The dimensionless number in Equation (6) includes the Reynolds number, inertia parameter, and Froude number, which are expressed as follows:

$${\mathrm{Re}}_2={\displaystyle \frac{{\rho }_{1}d{V}_{1,\infty }\Vert \overrightarrow{V_1}-\overrightarrow{V_2}\Vert }{{\mu }_1}},K={\displaystyle \frac{{\rho }_2{d}^2{V}_{1,\infty }}{18L_{\infty }{\mu }_1}},\mathrm{Fr}={\displaystyle \frac{\Vert V_{1,\infty }\Vert }{\sqrt{L_{\infty }{g}_{\infty }}}}$$

(7)

The drag coefficient of water droplets in Equation (6) is based on an empirical correlation for flow around spherical droplets [25], which is given by

$$C_{\mathrm{D}}=\left({\displaystyle \frac{24}{{\mathrm{Re}}_2}}\right)\left(1+0.15{\mathrm{Re}}_2^{0.687}\right),{\mathrm{Re}}_2\le 1300$$

(8)

$$C_{\mathrm{D}}=0.4,{\mathrm{Re}}_2\ge 1300$$

(9)

2.1.3. Water Film and Ice Accretion Model

After determining the droplet flow characteristics outside the wind turbine blade, the next step is to calculate heat and mass transfer for water film and ice accretion.

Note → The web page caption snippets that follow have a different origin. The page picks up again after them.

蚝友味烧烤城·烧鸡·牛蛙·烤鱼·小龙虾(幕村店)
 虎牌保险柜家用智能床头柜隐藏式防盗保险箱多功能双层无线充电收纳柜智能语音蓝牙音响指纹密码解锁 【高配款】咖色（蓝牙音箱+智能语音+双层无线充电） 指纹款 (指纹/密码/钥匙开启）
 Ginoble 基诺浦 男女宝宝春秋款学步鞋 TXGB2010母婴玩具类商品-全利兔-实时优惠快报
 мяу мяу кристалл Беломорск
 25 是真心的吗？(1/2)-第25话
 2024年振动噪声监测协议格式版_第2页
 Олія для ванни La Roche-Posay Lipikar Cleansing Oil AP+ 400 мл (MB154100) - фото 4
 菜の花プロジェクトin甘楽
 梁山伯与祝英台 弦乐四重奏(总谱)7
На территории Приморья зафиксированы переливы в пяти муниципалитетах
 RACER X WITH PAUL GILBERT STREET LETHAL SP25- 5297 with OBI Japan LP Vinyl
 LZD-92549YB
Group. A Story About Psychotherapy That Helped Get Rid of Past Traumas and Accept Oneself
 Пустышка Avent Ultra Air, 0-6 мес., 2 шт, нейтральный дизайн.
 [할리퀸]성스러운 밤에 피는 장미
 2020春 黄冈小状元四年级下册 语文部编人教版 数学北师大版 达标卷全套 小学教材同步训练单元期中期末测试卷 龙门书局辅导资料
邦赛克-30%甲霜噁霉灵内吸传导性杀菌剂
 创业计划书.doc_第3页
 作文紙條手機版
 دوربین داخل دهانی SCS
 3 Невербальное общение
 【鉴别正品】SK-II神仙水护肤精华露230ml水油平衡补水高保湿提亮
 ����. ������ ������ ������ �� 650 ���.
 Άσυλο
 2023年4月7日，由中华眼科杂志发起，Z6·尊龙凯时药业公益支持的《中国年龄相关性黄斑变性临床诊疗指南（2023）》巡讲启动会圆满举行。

The water film velocity considering surface roughness is calculated by [26,27,28,29]

$$\overrightarrow{V_f}={\displaystyle \frac{y}{{\mu }_f}}{\overrightarrow{\tau }}_{1,\mathrm{wall}}$$

(10)

$${\tau }_{1,\mathrm{wall}}={\displaystyle \frac{1}{2}}{C}_{\mathrm{f}}{\rho }_1{V}_{\infty }^2$$

(11)

$$C_{\mathrm{f}}={\left[3.476-0.707\ln \left(k_{\mathrm{s}}/\mathrm{s}\right)\right]}^{-2.46}$$

(12)

The mass equation includes mass transfer due to droplet impact, water evaporation, and ice accretion, which is written as [20]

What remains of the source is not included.